この話を松永耳庵さんに申し上げたら、松永耳庵さんは、「なるほどそれは感心だ。自分は代わりの茶碗を蔵から出しているうちに時間がかかり間が抜けてしまった」と言って流石は三渓先生だけあって違うなぁ」と感心しておられた。」
私見補足)
先日もとある茶会で、寄り付きに出ていた蕎麦茶碗を私も手に取って拝見したら、横に説明や見張り役として控えていた若い道具屋の小僧が、割れるいけないので言って取り上げてしまう事がありました。。。

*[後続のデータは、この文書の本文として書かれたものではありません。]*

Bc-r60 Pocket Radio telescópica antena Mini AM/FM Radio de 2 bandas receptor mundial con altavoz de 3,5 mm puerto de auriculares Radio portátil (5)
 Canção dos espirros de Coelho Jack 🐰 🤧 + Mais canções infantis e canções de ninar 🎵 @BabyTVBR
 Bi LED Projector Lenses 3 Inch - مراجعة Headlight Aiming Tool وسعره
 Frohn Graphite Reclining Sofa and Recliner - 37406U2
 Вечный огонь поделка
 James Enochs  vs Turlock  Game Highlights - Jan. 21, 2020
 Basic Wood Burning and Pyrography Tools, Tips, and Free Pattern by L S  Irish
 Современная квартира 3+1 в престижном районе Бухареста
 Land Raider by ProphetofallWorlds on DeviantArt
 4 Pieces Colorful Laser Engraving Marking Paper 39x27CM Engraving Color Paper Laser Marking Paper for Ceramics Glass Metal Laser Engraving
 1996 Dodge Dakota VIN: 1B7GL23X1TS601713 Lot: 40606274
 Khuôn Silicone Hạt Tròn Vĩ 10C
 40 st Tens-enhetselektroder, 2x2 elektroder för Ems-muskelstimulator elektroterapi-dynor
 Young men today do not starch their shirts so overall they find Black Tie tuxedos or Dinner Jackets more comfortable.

金繕いなどの古いものは、割れると言うよりも、漆が古くなり剥がれる事は往々にして有る事だと思います。
私の言いたいのは、原氏の扱いが素晴らしいのでは無く、割れる様なものであれば果たして、使うべきであったか?と言う事です。
そして、客に出して割れたのならば、先ずもって、亭主の不備を客に詫びるべきでは無かったか。と言う事です。
この頃の財界系数寄者は、カネにものを言わせて茶道具だけで無く古美術骨董を買い集めそれを自慢げに披露する茶会を開いていたわけですが、いつ壊れるかわからない様な怪しいものを、客に出すと言う傲慢な根性が、侘び茶の心からは、程遠いところにある様に思いますね。
当時の財界数寄者の振る舞いに、心ある茶人は、本音ではあまり良い事を思っていない様でもあります。
追加)
当時の財界数寄者らの集めた美術品を、相続税などの税金逃れに、財団法人などの、多くの場合は美術館など法人の所有にし、かつ、カラスの向こうに展示して殆ど、使われないと言うのも、むしろ“実用に耐えない道具”であるとも言えるのではないでしょうか。